Work request
Write out exactly the lines below starting at the one containing "Hey, it's Doug" and ending at the one containing "Alright guys, so". Omit every picture.

Data for analysis
####

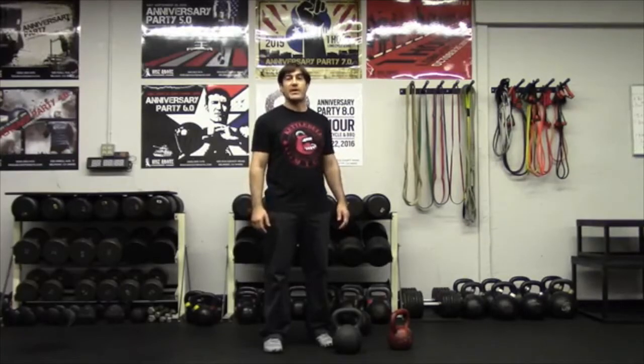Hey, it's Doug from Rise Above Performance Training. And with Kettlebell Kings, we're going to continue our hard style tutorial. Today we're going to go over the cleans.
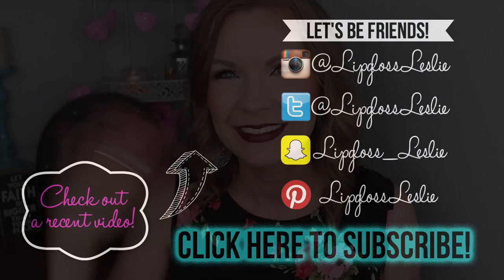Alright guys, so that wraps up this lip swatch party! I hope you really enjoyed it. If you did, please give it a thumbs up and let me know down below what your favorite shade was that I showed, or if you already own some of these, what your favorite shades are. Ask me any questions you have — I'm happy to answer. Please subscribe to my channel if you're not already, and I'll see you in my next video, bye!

####

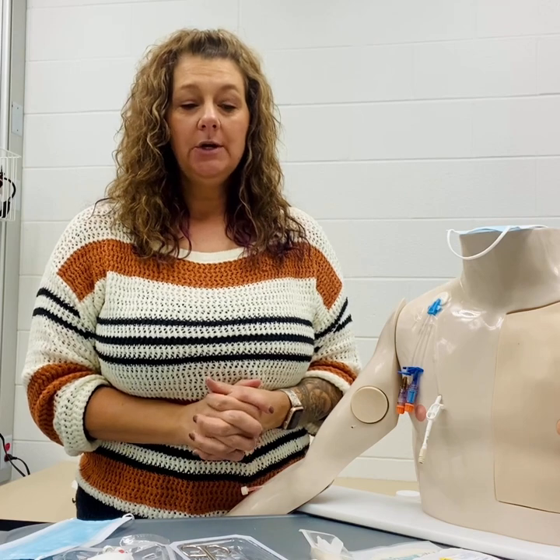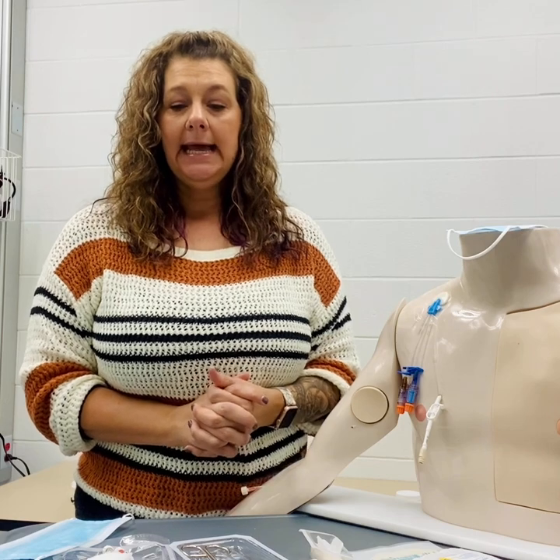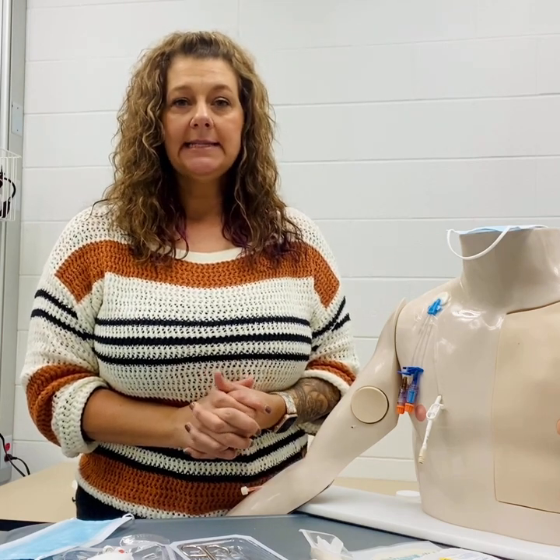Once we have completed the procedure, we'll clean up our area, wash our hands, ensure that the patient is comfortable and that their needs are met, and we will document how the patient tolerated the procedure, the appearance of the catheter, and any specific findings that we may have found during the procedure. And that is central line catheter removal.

####

Response for this exercise
Hey, it's Doug from Rise Above Performance Training. And with Kettlebell Kings, we're going to continue our hard style tutorial. Today we're going to go over the cleans.
Alright guys, so that wraps up this lip swatch party! I hope you really enjoyed it. If you did, please give it a thumbs up and let me know down below what your favorite shade was that I showed, or if you already own some of these, what your favorite shades are. Ask me any questions you have — I'm happy to answer. Please subscribe to my channel if you're not already, and I'll see you in my next video, bye!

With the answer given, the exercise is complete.